自分で書いた遺言書を法務局が安価(3900円)で保管し、死後相続人に見せてくれる制度が7月10日スタートする。
民法で定められた遺言書には従来、①公証人役場に出向いて公証人というプロ(裁判官OBや検察官OBがなることが多い)に作成してもらって、預ける「公正証書遺言」と②自分で書き、自宅などに置いておいておく「自筆証書遺言」の2種類がある。

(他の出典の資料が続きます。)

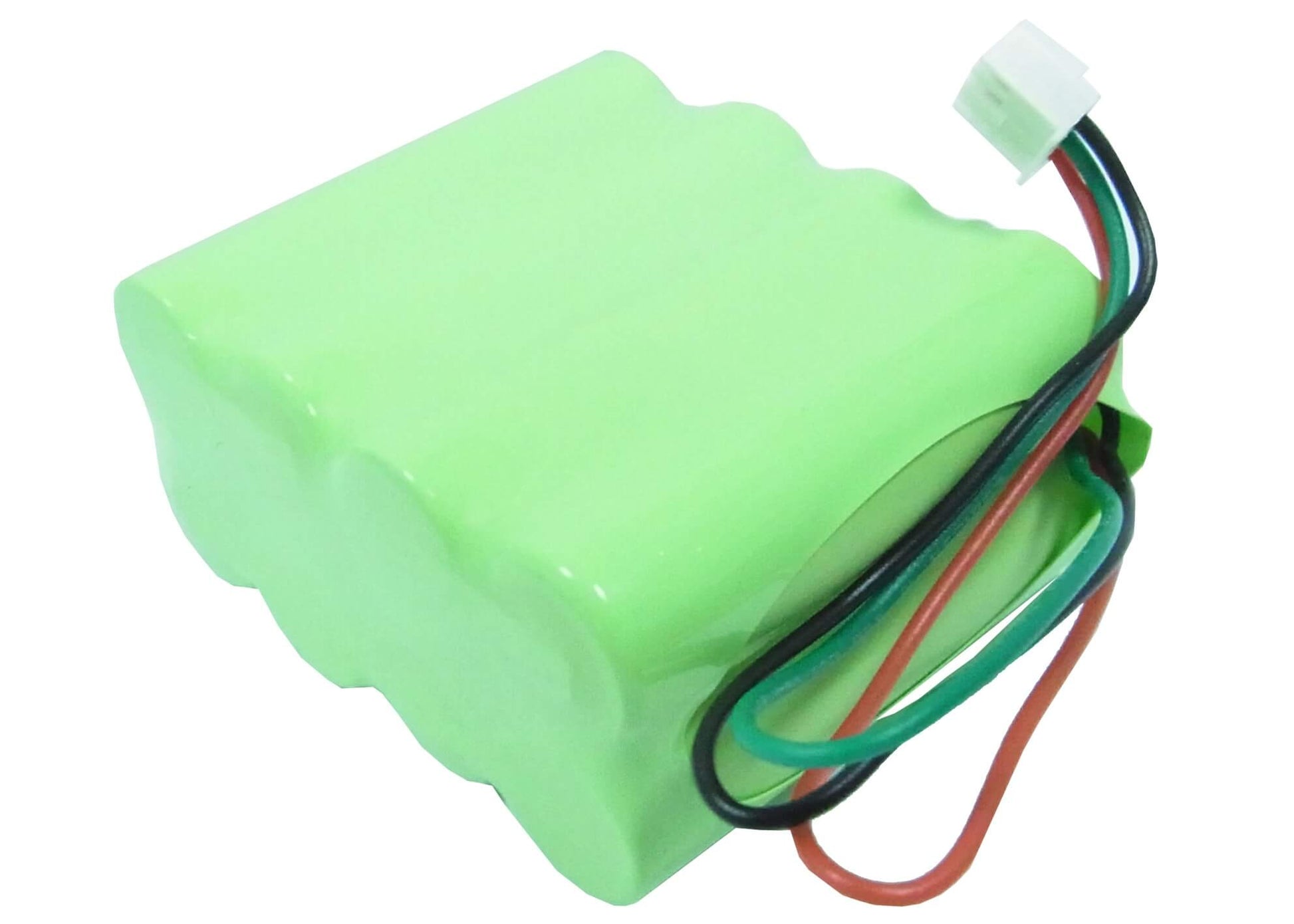 9.6V, 2000mAh, Ni-MH Battery fits Azden, Mt-1000, Pcs300, 19.2Wh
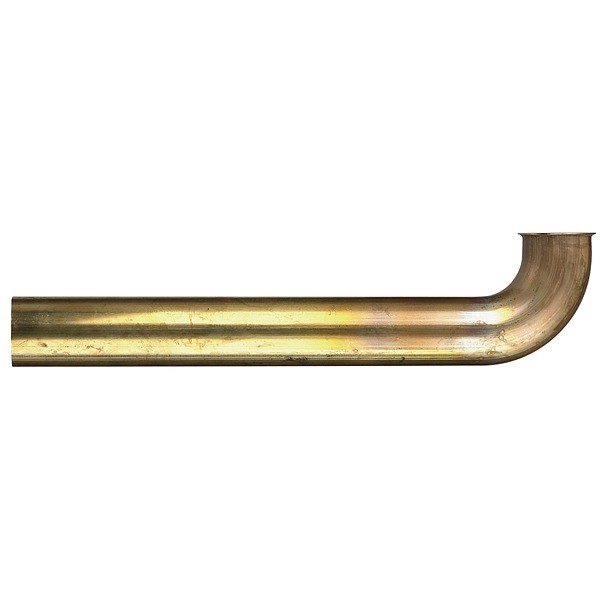 WASTE BEND - 1½" x 12" HI 17G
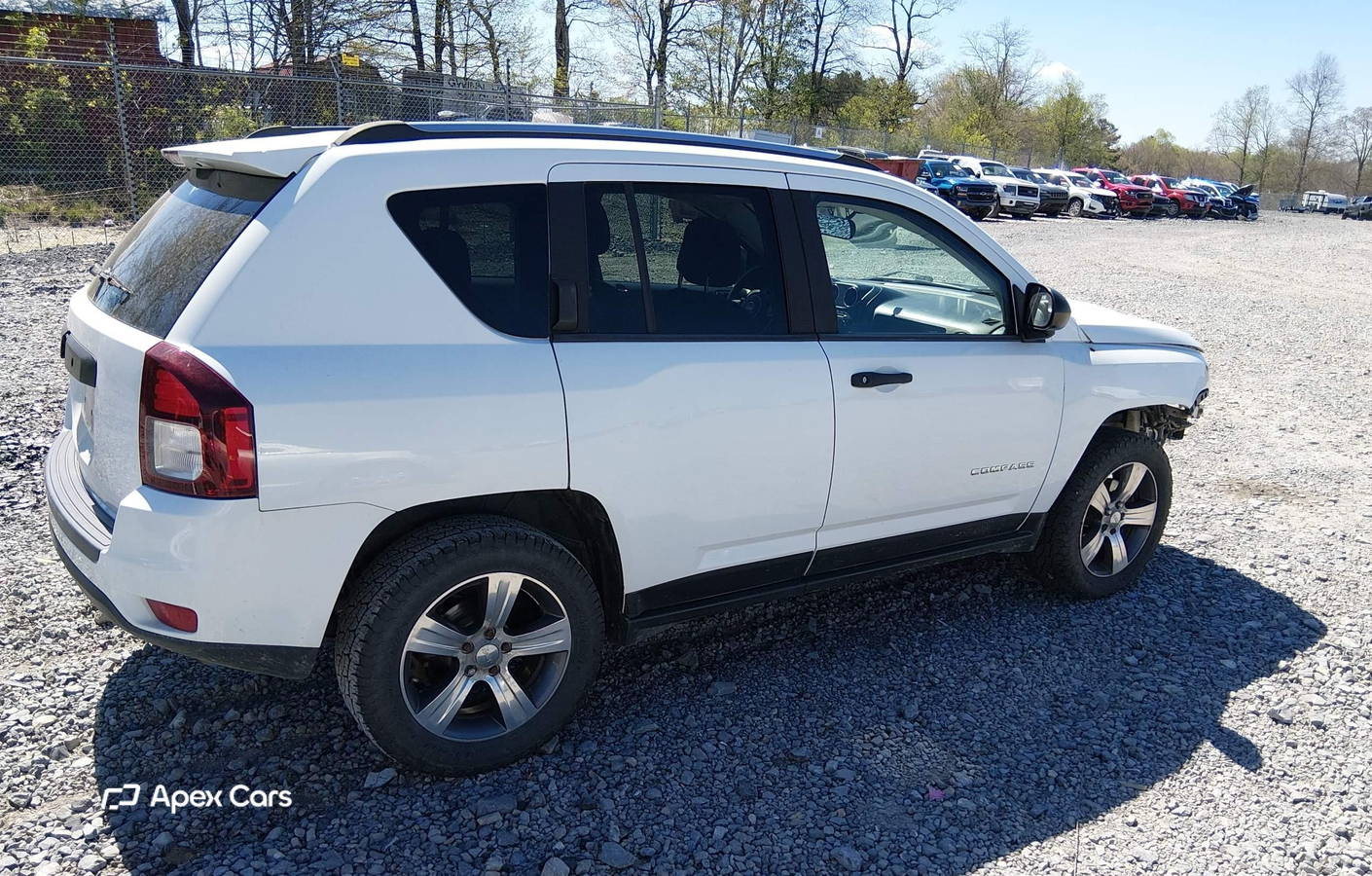 Jeep Compass 2014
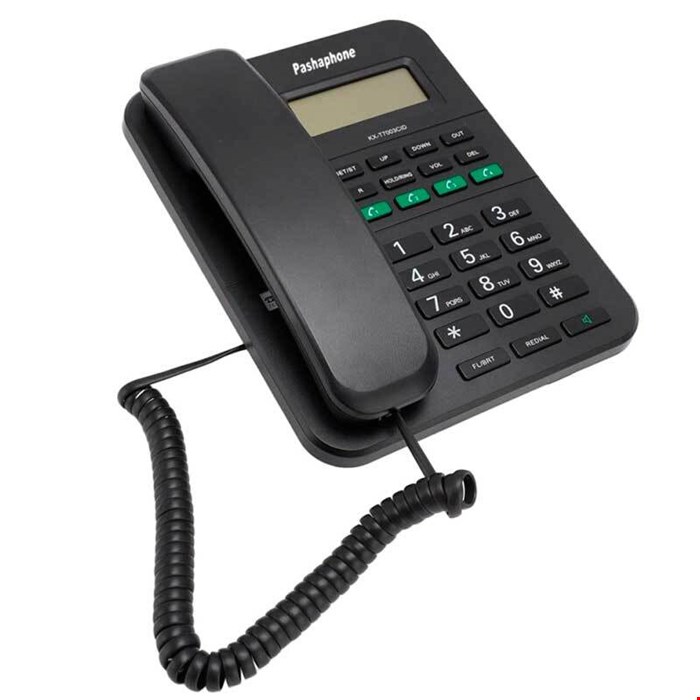 تلفن رومیزی پاشافون مدل KX-T7003CID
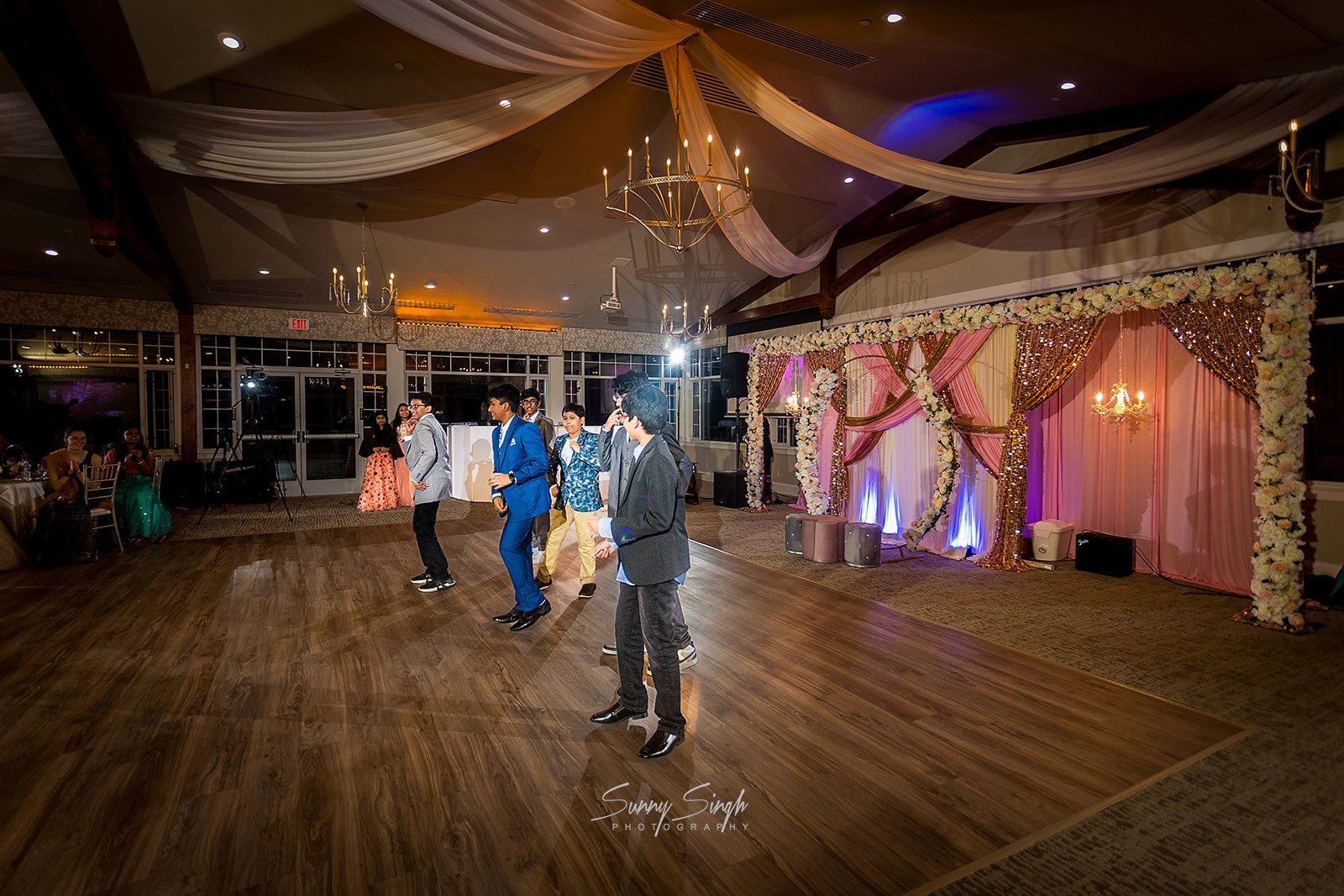 Nidhi’s Sweet 16
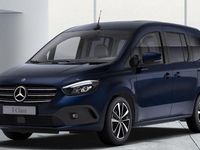 Nuevo Mercedes T180 115 CV (84 kW) 2025 Azul Monovolumen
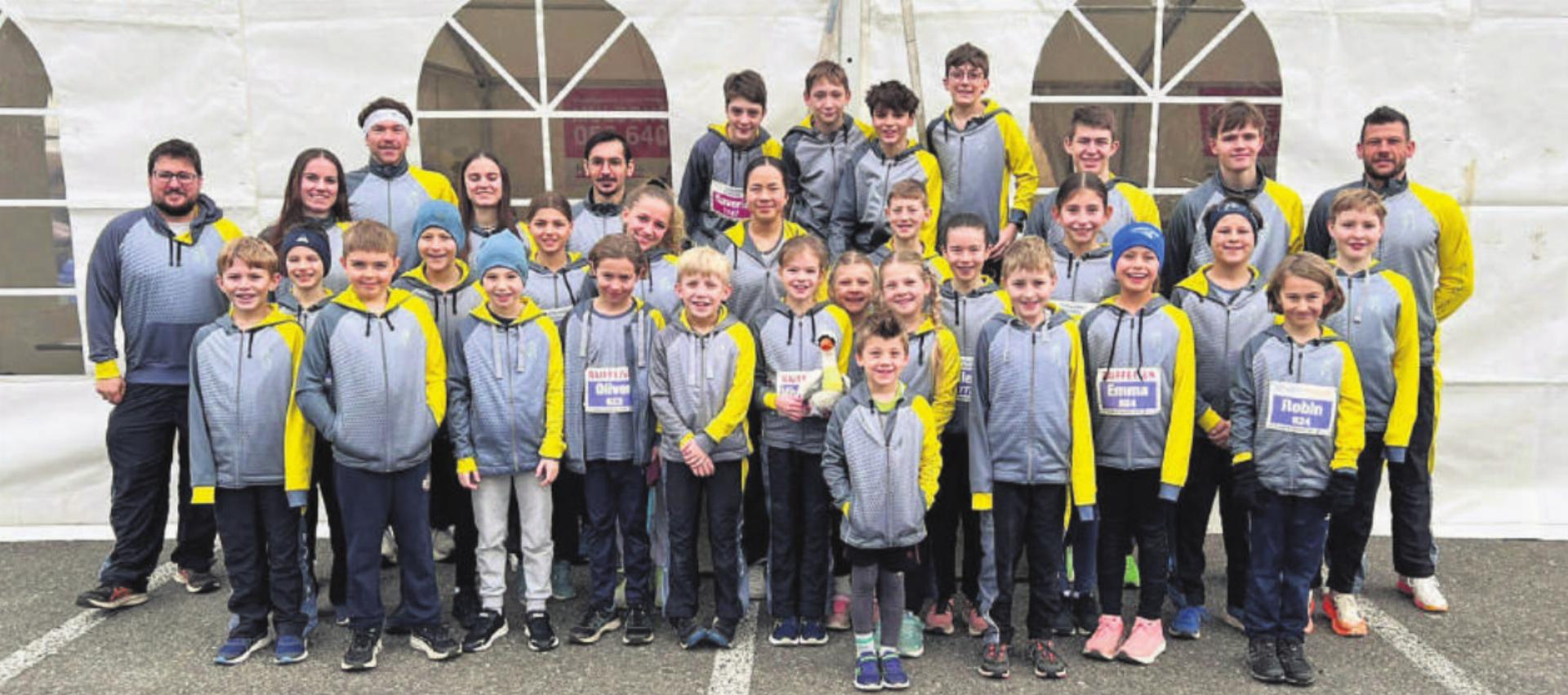 Starke Resultate am Reusslauf - Das Bild wird blockiert. – Möglicherweise durch einen aktiven Adblocker.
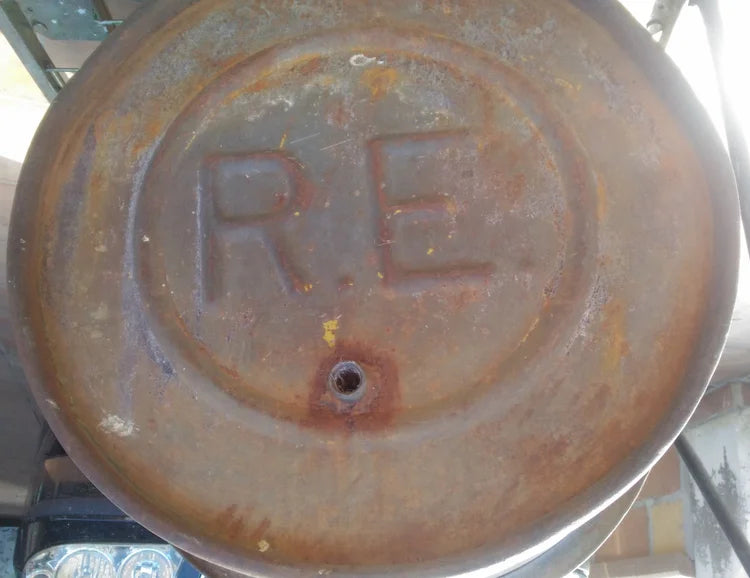 Regio Esercito Italiano RE Bidone 200 LT WWII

公正証書遺言は内容の不備をなくせるが、手間がかかり(身内以外の証人も2人必要)、財産や相続人の数に応じた手数料も必要。作成件数は、平成10年には年間で約5万5000件ほどだったが、増え続けて最近は「終活ブーム」もあり、毎年約11万件前後作成されている。
自筆証書遺言は自分で書けるのでラクだが、紛失したり、死後、家族に気づかれなかったり、改ざんの恐れもある。また、本人の死後、家庭裁判所の「検認」という手続きを経なければ、遺言書として使えない。遺言書の名前や本文が手書きでなく活字だったり、押印が無かったりすると無効にされる。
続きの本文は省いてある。